> TASK OBJECTIVE: Beginning with the line below that contains "2005 Topps #249 Luis Matos Back" and ending with the line that contains "计算机组成原理 第四章 存储系统(3)Kni9hT's", copy every line exactly. Copy nothing else.

---- DATA FOR THIS EXERCISE

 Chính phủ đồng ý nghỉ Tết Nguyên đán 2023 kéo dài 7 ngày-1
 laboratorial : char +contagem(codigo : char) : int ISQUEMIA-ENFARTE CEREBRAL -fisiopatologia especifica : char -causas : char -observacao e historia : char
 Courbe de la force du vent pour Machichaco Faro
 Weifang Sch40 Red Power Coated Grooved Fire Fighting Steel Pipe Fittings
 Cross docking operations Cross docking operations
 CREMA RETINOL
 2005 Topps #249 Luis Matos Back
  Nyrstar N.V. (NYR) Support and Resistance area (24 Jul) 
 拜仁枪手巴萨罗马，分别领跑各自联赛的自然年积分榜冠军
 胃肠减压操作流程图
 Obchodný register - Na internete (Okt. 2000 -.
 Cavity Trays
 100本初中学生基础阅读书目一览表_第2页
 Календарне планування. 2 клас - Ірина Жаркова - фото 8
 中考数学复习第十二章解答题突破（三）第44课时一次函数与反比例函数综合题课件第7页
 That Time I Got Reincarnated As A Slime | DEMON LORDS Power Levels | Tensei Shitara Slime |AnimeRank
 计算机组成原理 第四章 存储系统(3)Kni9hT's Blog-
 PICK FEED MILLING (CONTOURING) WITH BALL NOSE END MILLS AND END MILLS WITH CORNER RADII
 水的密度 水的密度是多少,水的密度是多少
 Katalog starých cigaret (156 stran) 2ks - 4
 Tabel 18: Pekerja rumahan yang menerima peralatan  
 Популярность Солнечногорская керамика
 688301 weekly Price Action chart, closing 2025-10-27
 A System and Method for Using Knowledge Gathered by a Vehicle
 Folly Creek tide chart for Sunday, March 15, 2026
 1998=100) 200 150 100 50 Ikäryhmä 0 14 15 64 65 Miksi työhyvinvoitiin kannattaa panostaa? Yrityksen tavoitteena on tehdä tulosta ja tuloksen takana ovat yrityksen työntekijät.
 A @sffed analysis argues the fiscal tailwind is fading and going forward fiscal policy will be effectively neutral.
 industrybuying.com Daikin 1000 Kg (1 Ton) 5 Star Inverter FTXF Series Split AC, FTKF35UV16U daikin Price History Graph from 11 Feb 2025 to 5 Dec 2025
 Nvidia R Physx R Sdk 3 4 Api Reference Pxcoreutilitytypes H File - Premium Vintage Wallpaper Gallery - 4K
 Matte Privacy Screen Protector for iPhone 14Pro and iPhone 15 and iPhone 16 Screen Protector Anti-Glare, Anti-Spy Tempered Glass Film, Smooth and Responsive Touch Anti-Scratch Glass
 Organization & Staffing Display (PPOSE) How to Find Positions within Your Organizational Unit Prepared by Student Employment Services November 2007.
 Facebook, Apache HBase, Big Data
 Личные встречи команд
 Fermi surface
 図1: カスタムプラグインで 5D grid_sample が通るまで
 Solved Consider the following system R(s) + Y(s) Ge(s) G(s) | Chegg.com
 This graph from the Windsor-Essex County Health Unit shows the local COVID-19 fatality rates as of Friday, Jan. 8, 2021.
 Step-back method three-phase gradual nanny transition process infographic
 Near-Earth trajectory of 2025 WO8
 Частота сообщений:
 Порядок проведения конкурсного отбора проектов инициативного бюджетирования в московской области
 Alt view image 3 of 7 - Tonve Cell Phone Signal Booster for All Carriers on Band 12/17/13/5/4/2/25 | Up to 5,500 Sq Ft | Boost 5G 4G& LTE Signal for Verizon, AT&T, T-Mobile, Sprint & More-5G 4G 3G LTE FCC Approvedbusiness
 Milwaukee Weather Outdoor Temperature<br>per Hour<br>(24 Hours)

--------

> ANSWER FOR THE TASK:
 2005 Topps #249 Luis Matos Back
  Nyrstar N.V. (NYR) Support and Resistance area (24 Jul) 
 拜仁枪手巴萨罗马，分别领跑各自联赛的自然年积分榜冠军
 胃肠减压操作流程图
 Obchodný register - Na internete (Okt. 2000 -.
 Cavity Trays
 100本初中学生基础阅读书目一览表_第2页
 Календарне планування. 2 клас - Ірина Жаркова - фото 8
 中考数学复习第十二章解答题突破（三）第44课时一次函数与反比例函数综合题课件第7页
 That Time I Got Reincarnated As A Slime | DEMON LORDS Power Levels | Tensei Shitara Slime |AnimeRank
 计算机组成原理 第四章 存储系统(3)Kni9hT's Blog-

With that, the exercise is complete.